With the popularity of NoSQL, it is necessary to understand this new type of database.
First, why should we choose NoSQL?
There are two main reasons: first, the amount of data to be processed, or the efficiency of data access is very high, so the data must be placed on the cluster, and the second is to adopt a more convenient way of data interaction to improve the efficiency of application development
The biggest problem of traditional relational database is the impedance detuning.
Second, what are the common features of NoSQL databases?
Do not use relational models; run well in clusters; open source; applicable to internet companies in the 21st century; no mode
Third, the NoSQL data model:
The model can be divided into four categories: ' key value ' document ' column family ' graph ' the first three kinds of data models have a common feature, that is, "for aggregation."

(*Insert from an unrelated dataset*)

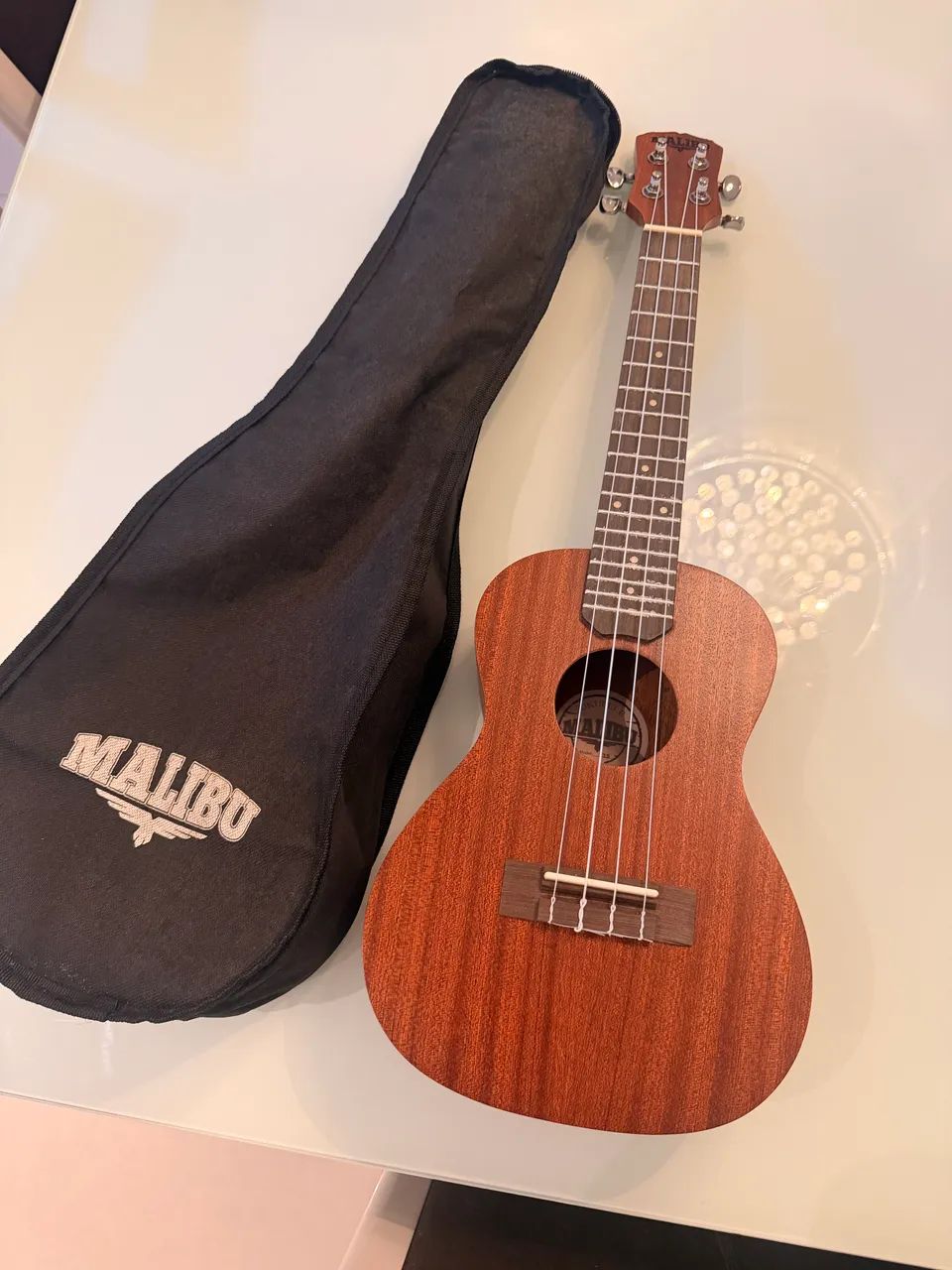 Ukulele Malibu  - Foto 4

For aggregation, the cells used to manipulate the data are much more complex than the set of tuples, which can be used to hold lists or to nest other record structures in such a complex structure.
Specifically,
1) The boundary between the key-value data model and the document Data Model is blurred. The difference is as follows: The aggregation of the key-value database is opaque. Contains only chunks of information that do not have much meaning; in the aggregation of the document database, you can see its structure. The advantage of opacity is that any data can be stored in the aggregation, in addition to the limit size, other aspects are very casual. The document database restricts what is stored in it, defines the allowable structure and data types, and provides better access to the data
Key-value databases are basically searching through keys for aggregated content, and in a document database, the query keywords that are submitted are often based on the internal structure of the document
2) column family storage
Use a large tabular data model. The best way to understand this is to think of it as a two-level aggregation structure. The first key value represents the row identifier, which you can use to get the aggregation you want. The difference between a column family structure and a "key-value store" is that the "row aggregation" itself is a map that contains more detailed values. These level two values are called columns.
Three different ways to compare:
Common denominator : using the concept of aggregation, there is an index key in the aggregation that can find its contents. When running on a cluster, aggregation is central, because the database must ensure that the data within the aggregation is stored on the same node.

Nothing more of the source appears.